• **Task requirements**
Write out the lines below once more, exactly as they appear. Do not include pictures.

• **Provided material**
◆ ◆ ◆

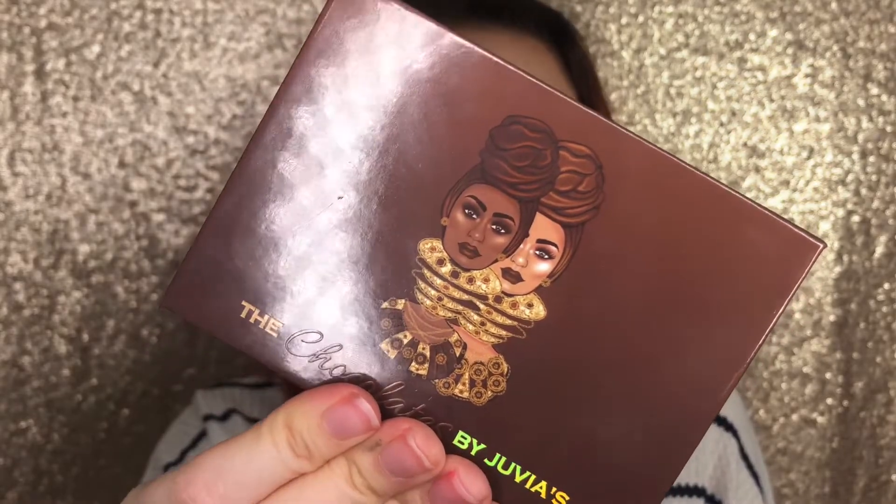Hey guys, what's up? Welcome back to my channel. Today I'm going to be doing a tutorial using the brand new The Chocolates Palette by Juvia's Place. I created this eyeshadow look I have on right now. If you're interested, just keep watching.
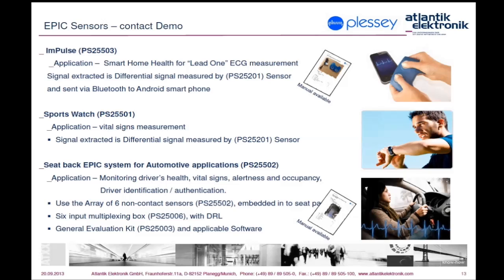There are several demos provided by Plessy for demonstration of EPIC sensors. Here are three of them presented. The first two are showing the use of contact EPIC sensors. The Impulse measures lead one of the ECG signal between two limbs — in this case, two fingers.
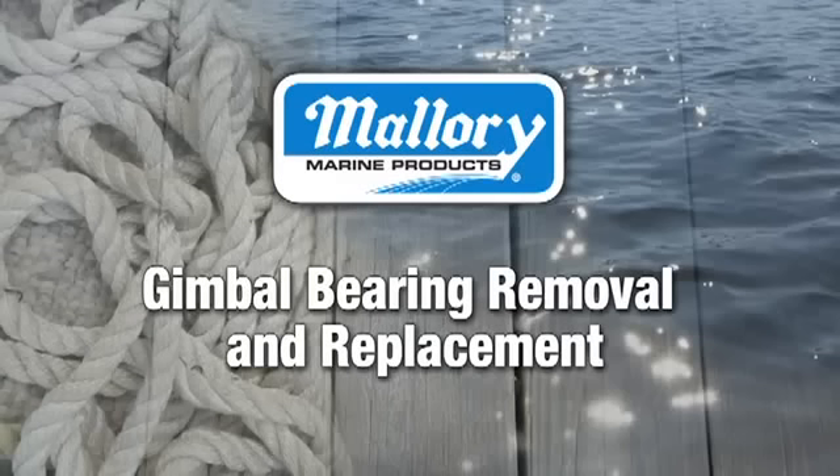Welcome to Maui Marine. We're going to demonstrate the removal and replacement of a gimbal bearing on a Mercruiser Alpha Gen 2 drive assembly. This procedure is similar with other brands of outdrives as well.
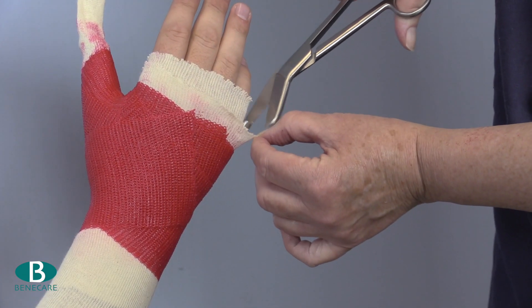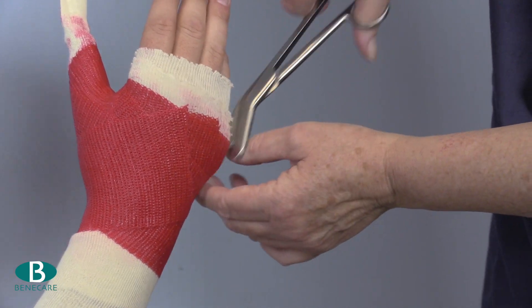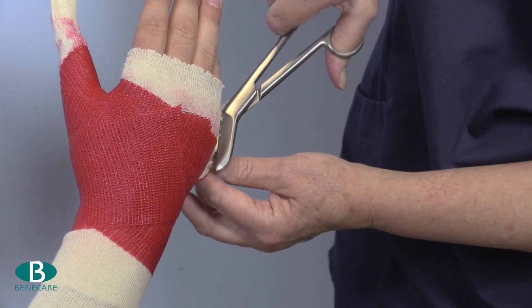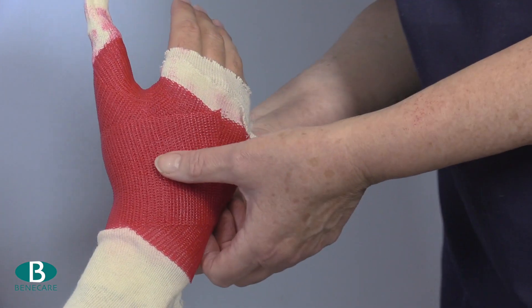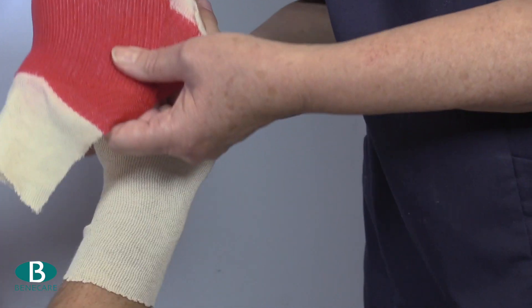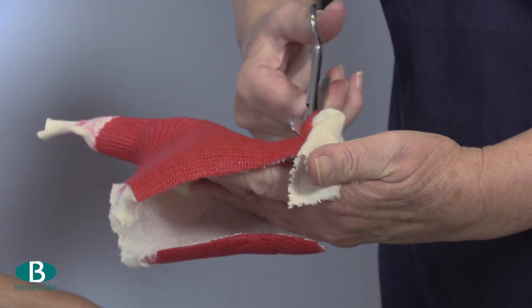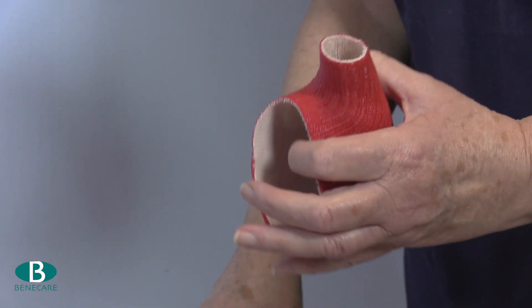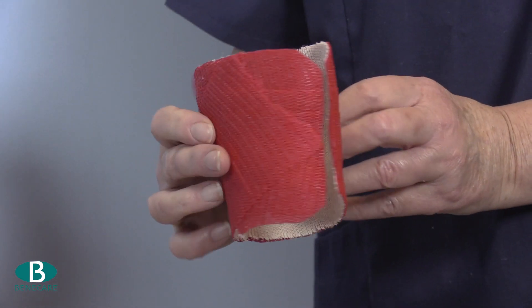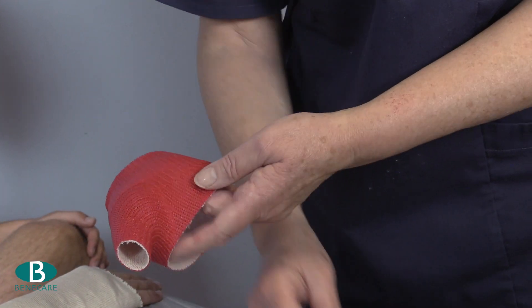Cut the cast along the medial border using bandage scissors and remove from the limb. Trim the cast to the extent required. I have chosen not to edge the cast today; however, elasticated strapping or fleecy edging can be used if required.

◆ ◆ ◆

• **The answer**
Hey guys, what's up? Welcome back to my channel. Today I'm going to be doing a tutorial using the brand new The Chocolates Palette by Juvia's Place. I created this eyeshadow look I have on right now. If you're interested, just keep watching.
There are several demos provided by Plessy for demonstration of EPIC sensors. Here are three of them presented. The first two are showing the use of contact EPIC sensors. The Impulse measures lead one of the ECG signal between two limbs — in this case, two fingers.
Welcome to Maui Marine. We're going to demonstrate the removal and replacement of a gimbal bearing on a Mercruiser Alpha Gen 2 drive assembly. This procedure is similar with other brands of outdrives as well.
Cut the cast along the medial border using bandage scissors and remove from the limb. Trim the cast to the extent required. I have chosen not to edge the cast today; however, elasticated strapping or fleecy edging can be used if required.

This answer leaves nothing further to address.